Nowe przepisy zakładają m.in., że użytkownicy będą mogli łatwo zgłaszać nielegalne treści, a "platformy będą musiały przetwarzać takie zgłoszenia z należytą starannością"; reklamy nie będą wyświetlane na podstawie wrażliwych danych użytkownika (takich jak pochodzenie etniczne, poglądy polityczne lub orientacja seksualna); serwisy będą musiały zapewnić małoletnim wysoki poziom prywatności, ochrony i bezpieczeństwa.
Nie będzie dozwolona reklama ukierunkowana i oparta na profilowaniu dzieci; platformy i wyszukiwarki muszą przeciwdziałać ryzyku związanemu z rozpowszechnianiem nielegalnych treści w internecie oraz ich negatywnym skutkom dla wolności wypowiedzi i informacji; platformy muszą też analizować konkretne zagrożenia i wprowadzać środki ograniczające ryzyko – na przykład dotyczące dezinformacji.
Serwisy będą musiały zapewnić użytkownikom informacje na temat reklam, np. dlaczego są im wyświetlane i kto za nie zapłacił.
Jeśli dana platforma usunie treści danego użytkownika, czy zawiesi jego konto, będzie musiała go poinformować dlaczego podjęto taką decyzję i przesłać uzasadnienie do bazy danych DSA Transparency.
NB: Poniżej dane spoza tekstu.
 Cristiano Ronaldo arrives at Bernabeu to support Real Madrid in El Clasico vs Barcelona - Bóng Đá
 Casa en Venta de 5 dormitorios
Użytkownicy będą mieli w każdym przypadku dostęp do mechanizmu składania skarg, w ramach którego mogą kwestionować decyzje dotyczące moderowania treści.
Lista podmiotów, która mają się zastosować do DSA obejmuje platformy internetowe i duże wyszukiwarki internetowe, jak Alibaba AliExpress, Amazon Store, Apple AppStore, Booking.com, Facebook, Google Play, Google Maps, Google Shopping, Instagram, LinkedIn, Pinterest, Snapchat, TikTok, X (Twitter), Wikipedia, YouTube, Zalando, a także Bing i Google Search.
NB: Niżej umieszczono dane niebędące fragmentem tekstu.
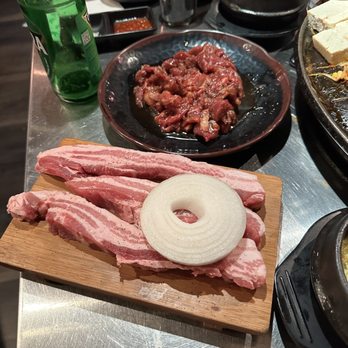 Honey Pig BBQ - Pork Belly and marinated boneless short rib - Korean Near Me - Irvine, California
Przepisom DSA nie podlegają małe firmy i mikroprzedsiębiorstwa zatrudniających mniej niż 50 pracowników i osiągające roczny obrót poniżej 10 mln euro.
Oprócz platform internetowych DSA ma również zastosowanie do usług hostingowych (np. usług w chmurze lub systemów nazw domen, które łączą użytkowników z żądanymi adresami stron internetowych), a także do pośredników internetowych (np. dostawców usług internetowych lub domen).
DSA "stosuje się do wszystkich usług cyfrowych, które łączą konsumentów z towarami, usługami lub treściami". Ustanowione w nim nowe, kompleksowe obowiązki platform internetowych mają "ograniczać szkodliwe zjawiska i przeciwdziałać zagrożeniom w internecie" oraz "zapewnić nowe możliwości ochrony użytkowników, a przedsiębiorstwom zagwarantować pewność prawa na całym jednolitym rynku".
W przypadku niewywiązania się z nałożonych obowiązków koncernom grozi kara nawet do 6 proc. ich rocznych obrotów handlowych.
Krytycy aktu obawiają się, że może on zostać użyty do cenzurowania treści w internecie pod pretekstem walki z "mową nienawiści" i dezinformacją.
Polska, choć powinna od dzisiaj stosować przepisy wynikające z DSA, wciąż nie wdrożyła krajowych przepisów wynikających z dyrektywy. Krajowa Rada Radiofonii i Telewizji wyraziła zaniepokojenie wobec opóźnienia procedur wdrożeniowych.